Ever since the bizarre event that had left him with cat ears and a long, fluffy tail, he had been doing his best to maintain his cleanliness. This was lasting longer than he had wistfully hoped.
He was shedding everywhere.
The elegant strands of his midnight fur that adorned his cat features had begun piling up, turning his couch and sheets a grayish hue. He practically ate cat hair with every meal now. If anyone had a pet that shed, they would understand.
Zayne had decided in order to lessen the amount of shed fur, he would brush his ears and tail three times a day. It was just about time to start his midday grooming session. He figured there should be enough time before you came over for lunch.
Oftentimes, if you spent the evening with him–whether it was in his office or in his apartment–he would let you brush him. It was soothing. He would just melt into your touch.
He got to work, grabbing his brush and finding a comfy space on the wood floors.
How long has it been since he’s vacuumed?
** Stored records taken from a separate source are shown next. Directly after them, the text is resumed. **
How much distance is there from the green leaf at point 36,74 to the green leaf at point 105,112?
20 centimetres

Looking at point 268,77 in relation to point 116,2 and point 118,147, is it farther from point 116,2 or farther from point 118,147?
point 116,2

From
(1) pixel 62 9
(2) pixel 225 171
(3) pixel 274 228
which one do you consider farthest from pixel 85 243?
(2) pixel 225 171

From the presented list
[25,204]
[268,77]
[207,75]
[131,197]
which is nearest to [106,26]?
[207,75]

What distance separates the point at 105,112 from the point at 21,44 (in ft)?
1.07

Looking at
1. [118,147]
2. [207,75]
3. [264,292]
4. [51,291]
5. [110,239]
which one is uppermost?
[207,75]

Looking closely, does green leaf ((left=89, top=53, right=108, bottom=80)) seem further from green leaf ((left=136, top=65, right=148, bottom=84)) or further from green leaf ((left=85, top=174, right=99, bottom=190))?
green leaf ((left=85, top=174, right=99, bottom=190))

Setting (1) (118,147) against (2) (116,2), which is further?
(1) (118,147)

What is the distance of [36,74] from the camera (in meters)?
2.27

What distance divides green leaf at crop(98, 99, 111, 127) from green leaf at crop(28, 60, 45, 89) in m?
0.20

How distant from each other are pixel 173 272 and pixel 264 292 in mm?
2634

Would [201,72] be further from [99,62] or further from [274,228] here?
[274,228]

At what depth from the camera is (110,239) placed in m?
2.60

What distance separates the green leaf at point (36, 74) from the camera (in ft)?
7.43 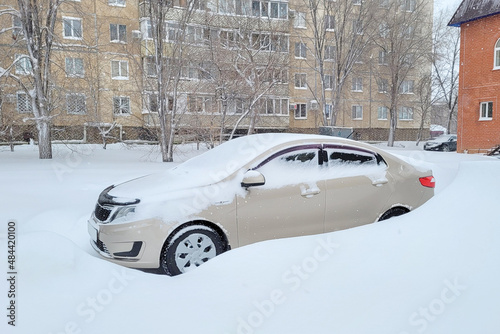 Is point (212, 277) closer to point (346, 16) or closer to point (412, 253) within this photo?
point (412, 253)

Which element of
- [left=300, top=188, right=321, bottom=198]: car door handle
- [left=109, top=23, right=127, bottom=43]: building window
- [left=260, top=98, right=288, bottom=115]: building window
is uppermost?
[left=109, top=23, right=127, bottom=43]: building window

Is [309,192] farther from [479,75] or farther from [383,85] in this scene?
[383,85]

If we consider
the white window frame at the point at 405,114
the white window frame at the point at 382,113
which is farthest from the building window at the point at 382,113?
the white window frame at the point at 405,114

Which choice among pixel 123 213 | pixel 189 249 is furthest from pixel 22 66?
pixel 189 249

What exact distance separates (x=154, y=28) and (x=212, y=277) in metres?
13.3

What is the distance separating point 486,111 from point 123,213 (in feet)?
78.7

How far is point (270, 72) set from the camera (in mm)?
19359

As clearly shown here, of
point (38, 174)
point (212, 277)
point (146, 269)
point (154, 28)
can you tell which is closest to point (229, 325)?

He admitted to himself, he had begun to slack on the cleaning. It had gotten exhausting keeping up with the amounts of sweeping he had to do everyday and becoming a cat has made him more prone to naps these days. Therefore, his floors were gaining quite the collection of cat fur.
Zayne sighed slightly as he settled onto the floor in a cross legged position. However, no matter how gentle he sat down, it hadn’t stopped him from stirring up the stray strands of fur into the air. He started on his
With the precise motions of a surgeon, he ran the brush over his ears first. An attempt to ensure that each motion was controlled as to not let too much cat fur fly. The feeling was pleasant, he almost purred.
Strands of his soft black fur detached from the brush, regardless of his attempts, drifting lazily through the air.
He watched them float.
A small sigh left his lips. No matter how careful he was, the fur would go wherever it felt. The sun’s rays illuminated the fur flying through the air, accentuating how they floated gently before landing on his clothes, his floor–his face.
He gave a frustrated exhale from his nose, blowing the cat furs away from his nostrils. Then, he moved on to brushing his tail. He wasn’t a big fan of brushing his tail. It was a human scaled version of a maine coone’s tail, those of which were already long and fluffy. He swiftly moved the brush through his tail. Unlike his ears, this took more effort and these strands were more prone to flying wherever they felt like.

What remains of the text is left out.